For example, if I create a solid cube in space coordinates 1000000000,20000000,3000000 or something like that, to get a debug only warning saying; "your're creating a scene too large for the engine to handle with precission" or something like that.

You probably know better than anyone else which bounds could be considered safe...

RossNordby commented 6 years ago

(Un)fortunately, there is no fixed threshold. It's completely dependent on the application's tolerance for error, and the scales that it chooses to work at.

For example, it would be totally fine for a simulation to have objects with sizes in the range 1000-100000, positioned at locations from -10000000 to 10000000... so long as the user doesn't care about accuracy below about 1 unit.

In other words, the limits are relative. The only absolutes are those defined by the single precision format, and so far users don't often try to make simulations on the scale of 3.4e38 :) (That said, I will probably go back and include some validation logic like v1 had for NaNs and infinities to capture these extreme cases. They almost exclusively occur in the case of divisions by zero or undefined memory access.)

Things change a little bit if I created a fixed point format. Those come with relatively low absolute limits compared to a floating point representation of the same size, so having some asserts to capture invalid state would be nice.

vpenades commented 6 years ago

I've always been a fan of fixed point for games development, it gives some sort of confidence that you're safe until the very last bit.

Unlike floating point, as you said, you never know exactly where the dangerous limit begins, so to play safe the range is probably even smaller than the numbers you proposed.

Assuming 1 unit is 1cm, it would give a range of +-100km , so let's forget about space exploration 😢

mcmonkey4eva commented 6 years ago

If scaled digits aren't available, or aren't sufficient for a simulation (excessively massive open space area that still needs micro-precision), the backup plan of localized physics regions appearing and disappearing according to what actually needs to be currently simulated (generally an area around the player) could suffice. It can be done perfectly in a singleplayer environment no problem, and less perfectly in a multiplayer environment (multiple live-simulation zones suddenly intersecting could be problematic... and can be fixed by autocombining zones, up until the point that 100 players chain the edges of their zones together and suddenly there's a zone that's way too large and the extreme edges are broken).

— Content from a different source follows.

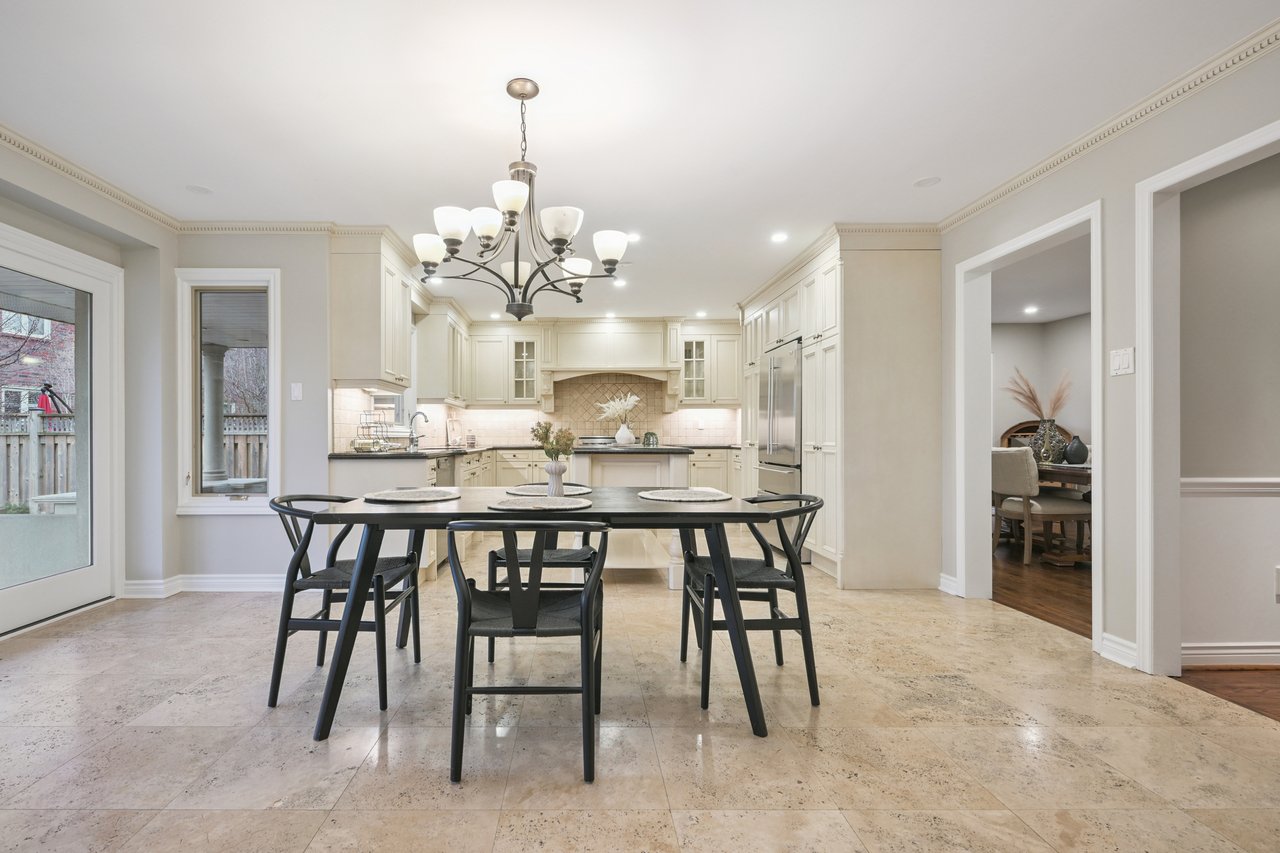 Prestigious Glen Abbey living with a backyard made for summer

I was thinking about having static zones with border management in the past, but norbo indicated that it was excessive and that I could achieve a more effective solution for that setup by switching BEPUv1 to doubles. I have no idea how would I have properly achieved a multiplayer environment with static border zones that need to have safe functional crossing... but a dynamic setup from a spacey setup should be good bar the risk of multiple players conspiring to induce a glitch.

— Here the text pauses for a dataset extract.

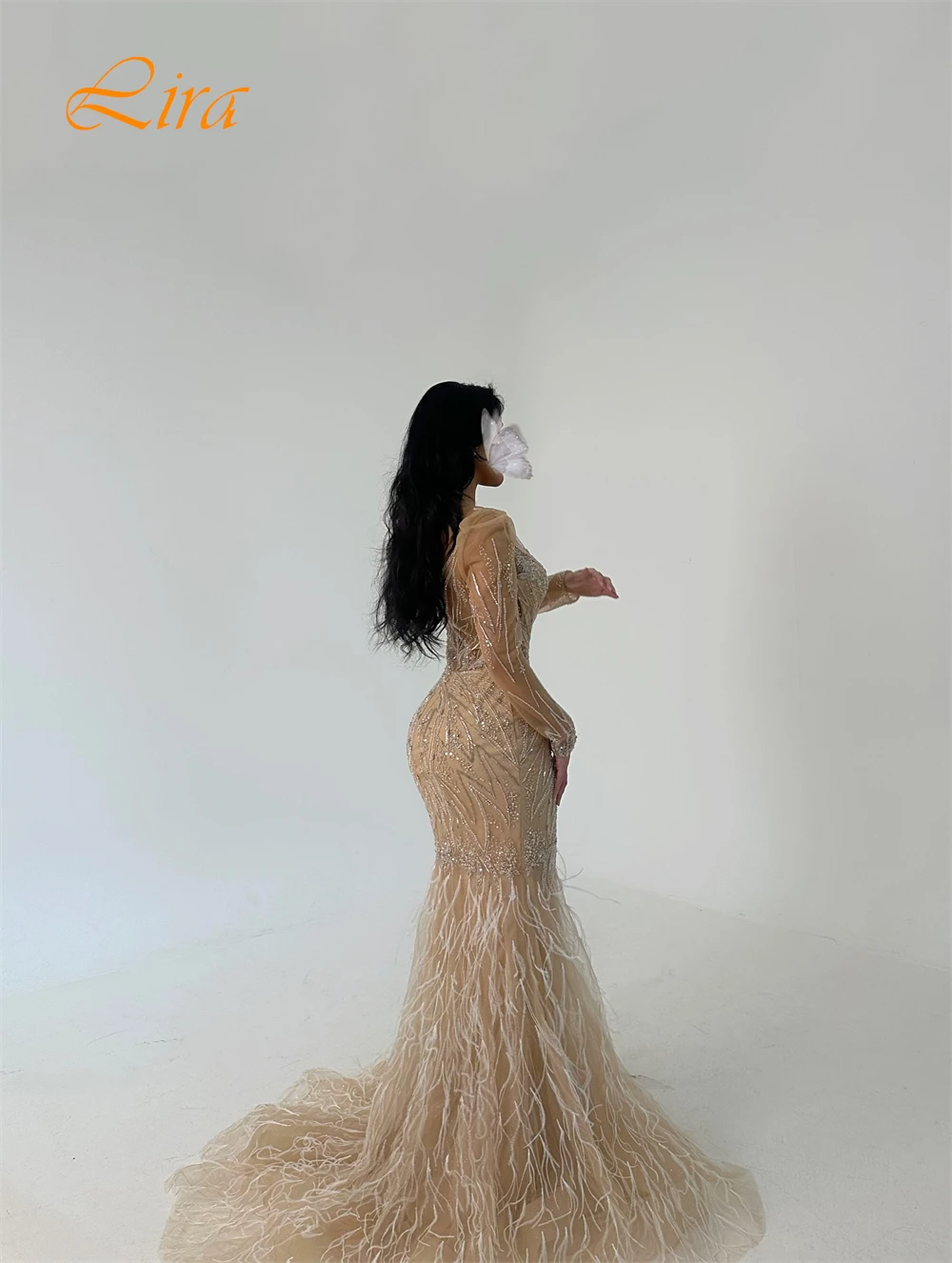 Vestido de noche elegante personalizado con cuello redondo y exquisitos vestidos de cóctel con cola de corte y exquisito vestido de novia de organza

RenzoCoppola commented 6 years ago

I don't know how expensive is casting from double to float, but it's just the broadphase that requires the use of doubles. The narrowphase could be even halfs if these were available on modern cpus. About fixed points... I've done a big system with fixed point, and if it isn't compiled (.NET Native/IL2CPP/etc), then it will run horribly slow with .NET (4-16 times slower, compiled: just a bit slower).

RenzoCoppola commented 6 years ago

But, the broadphase could be done with fixedpoint, and it doesn't require a lot of complicated math (tweeking/debuging FP division/multiplication is a real pain). A 32bit integer could be a lot more efficient at storing positional data. (2^32) * 1mm = 4294 kilometers

vpenades commented 6 years ago

Using 64bit long integers, at 1/10 of a millimeter still would confortably fit the entire solar system.

@RenzoCoppola Indeed, having a fixed point pose would only reach the broad phase, since from that point onwards it should use relative, 32 floating point poses.

vpenades commented 6 years ago

@RossNordby Could it be possible for you to advance fixed point precission poses in the roadmap?

RossNordby commented 6 years ago

As far as scheduling this goes, here are my current thoughts in no particular order:

Given all that, I'm not sure when I'll get to it. Probably not before Q3 2018, but probably not as late as the roadmap currently implies (beyond Q2 2019).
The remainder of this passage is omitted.